*** Opening DATA SUPPLIED ***

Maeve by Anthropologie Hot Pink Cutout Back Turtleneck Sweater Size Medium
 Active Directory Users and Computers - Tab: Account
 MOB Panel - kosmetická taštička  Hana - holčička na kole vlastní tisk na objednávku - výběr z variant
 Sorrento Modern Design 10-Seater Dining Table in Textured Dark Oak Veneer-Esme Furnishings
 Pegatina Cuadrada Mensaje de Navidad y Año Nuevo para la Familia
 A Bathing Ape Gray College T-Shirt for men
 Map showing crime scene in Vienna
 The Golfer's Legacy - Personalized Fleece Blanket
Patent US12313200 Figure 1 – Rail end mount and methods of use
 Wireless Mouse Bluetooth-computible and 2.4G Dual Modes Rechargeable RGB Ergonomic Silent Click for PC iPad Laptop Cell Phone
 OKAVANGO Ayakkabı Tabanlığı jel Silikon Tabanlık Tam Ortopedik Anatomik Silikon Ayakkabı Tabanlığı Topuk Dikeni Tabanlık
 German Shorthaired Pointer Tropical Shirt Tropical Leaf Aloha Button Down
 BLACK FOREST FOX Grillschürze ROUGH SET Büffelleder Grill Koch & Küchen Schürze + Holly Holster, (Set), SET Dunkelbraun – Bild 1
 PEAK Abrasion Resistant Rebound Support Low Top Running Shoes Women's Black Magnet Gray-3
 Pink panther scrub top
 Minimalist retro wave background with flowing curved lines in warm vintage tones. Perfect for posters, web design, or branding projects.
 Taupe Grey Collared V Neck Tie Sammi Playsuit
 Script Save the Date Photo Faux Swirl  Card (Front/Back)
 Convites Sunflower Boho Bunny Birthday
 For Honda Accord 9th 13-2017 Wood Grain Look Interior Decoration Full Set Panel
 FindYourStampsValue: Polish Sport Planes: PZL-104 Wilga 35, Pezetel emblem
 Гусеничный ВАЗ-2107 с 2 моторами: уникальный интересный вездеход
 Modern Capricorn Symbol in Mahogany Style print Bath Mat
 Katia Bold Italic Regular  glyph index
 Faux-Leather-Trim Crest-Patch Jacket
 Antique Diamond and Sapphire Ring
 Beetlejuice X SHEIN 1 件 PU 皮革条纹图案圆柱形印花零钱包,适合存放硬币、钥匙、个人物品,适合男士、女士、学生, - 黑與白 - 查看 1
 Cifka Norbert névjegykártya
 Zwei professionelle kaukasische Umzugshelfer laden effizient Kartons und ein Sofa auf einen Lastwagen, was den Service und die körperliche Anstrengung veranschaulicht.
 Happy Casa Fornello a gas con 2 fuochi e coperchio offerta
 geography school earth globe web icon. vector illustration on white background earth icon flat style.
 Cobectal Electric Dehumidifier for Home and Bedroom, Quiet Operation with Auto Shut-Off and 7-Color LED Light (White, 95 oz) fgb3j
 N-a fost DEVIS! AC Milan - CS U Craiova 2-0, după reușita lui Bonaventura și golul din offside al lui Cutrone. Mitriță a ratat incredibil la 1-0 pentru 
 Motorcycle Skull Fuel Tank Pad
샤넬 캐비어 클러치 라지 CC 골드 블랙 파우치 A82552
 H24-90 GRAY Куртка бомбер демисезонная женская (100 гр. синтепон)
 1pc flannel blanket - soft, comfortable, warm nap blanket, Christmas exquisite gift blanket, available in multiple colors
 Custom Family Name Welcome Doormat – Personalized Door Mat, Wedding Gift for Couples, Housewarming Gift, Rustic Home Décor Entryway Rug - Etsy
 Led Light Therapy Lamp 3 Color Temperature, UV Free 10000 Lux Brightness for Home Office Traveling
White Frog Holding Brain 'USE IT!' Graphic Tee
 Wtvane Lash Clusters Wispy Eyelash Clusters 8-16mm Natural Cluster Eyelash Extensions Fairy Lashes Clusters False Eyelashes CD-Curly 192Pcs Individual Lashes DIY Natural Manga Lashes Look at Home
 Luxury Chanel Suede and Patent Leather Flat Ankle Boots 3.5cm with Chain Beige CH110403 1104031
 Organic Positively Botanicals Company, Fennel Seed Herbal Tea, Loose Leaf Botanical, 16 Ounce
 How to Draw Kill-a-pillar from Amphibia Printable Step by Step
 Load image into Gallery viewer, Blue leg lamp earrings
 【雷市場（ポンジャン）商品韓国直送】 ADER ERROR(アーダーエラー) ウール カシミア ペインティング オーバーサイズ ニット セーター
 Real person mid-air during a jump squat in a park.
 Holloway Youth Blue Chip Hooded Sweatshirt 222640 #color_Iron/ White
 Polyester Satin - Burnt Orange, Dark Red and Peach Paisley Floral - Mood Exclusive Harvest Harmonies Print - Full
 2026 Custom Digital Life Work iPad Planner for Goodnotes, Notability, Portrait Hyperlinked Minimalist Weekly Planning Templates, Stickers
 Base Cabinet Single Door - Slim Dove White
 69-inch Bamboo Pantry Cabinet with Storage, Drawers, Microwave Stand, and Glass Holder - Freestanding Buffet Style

*** Closing DATA SUPPLIED ***

### [WHAT IS REQUIRED]
Copy exactly the lines that begin with the one containing "N-a fost DEVIS!" and continue to the end of the records, both included, and nothing more.

### [COMPLETED TASK]
 N-a fost DEVIS! AC Milan - CS U Craiova 2-0, după reușita lui Bonaventura și golul din offside al lui Cutrone. Mitriță a ratat incredibil la 1-0 pentru 
 Motorcycle Skull Fuel Tank Pad
샤넬 캐비어 클러치 라지 CC 골드 블랙 파우치 A82552
 H24-90 GRAY Куртка бомбер демисезонная женская (100 гр. синтепон)
 1pc flannel blanket - soft, comfortable, warm nap blanket, Christmas exquisite gift blanket, available in multiple colors
 Custom Family Name Welcome Doormat – Personalized Door Mat, Wedding Gift for Couples, Housewarming Gift, Rustic Home Décor Entryway Rug - Etsy
 Led Light Therapy Lamp 3 Color Temperature, UV Free 10000 Lux Brightness for Home Office Traveling
White Frog Holding Brain 'USE IT!' Graphic Tee
 Wtvane Lash Clusters Wispy Eyelash Clusters 8-16mm Natural Cluster Eyelash Extensions Fairy Lashes Clusters False Eyelashes CD-Curly 192Pcs Individual Lashes DIY Natural Manga Lashes Look at Home
 Luxury Chanel Suede and Patent Leather Flat Ankle Boots 3.5cm with Chain Beige CH110403 1104031
 Organic Positively Botanicals Company, Fennel Seed Herbal Tea, Loose Leaf Botanical, 16 Ounce
 How to Draw Kill-a-pillar from Amphibia Printable Step by Step
 Load image into Gallery viewer, Blue leg lamp earrings
 【雷市場（ポンジャン）商品韓国直送】 ADER ERROR(アーダーエラー) ウール カシミア ペインティング オーバーサイズ ニット セーター
 Real person mid-air during a jump squat in a park.
 Holloway Youth Blue Chip Hooded Sweatshirt 222640 #color_Iron/ White
 Polyester Satin - Burnt Orange, Dark Red and Peach Paisley Floral - Mood Exclusive Harvest Harmonies Print - Full
 2026 Custom Digital Life Work iPad Planner for Goodnotes, Notability, Portrait Hyperlinked Minimalist Weekly Planning Templates, Stickers
 Base Cabinet Single Door - Slim Dove White
 69-inch Bamboo Pantry Cabinet with Storage, Drawers, Microwave Stand, and Glass Holder - Freestanding Buffet Style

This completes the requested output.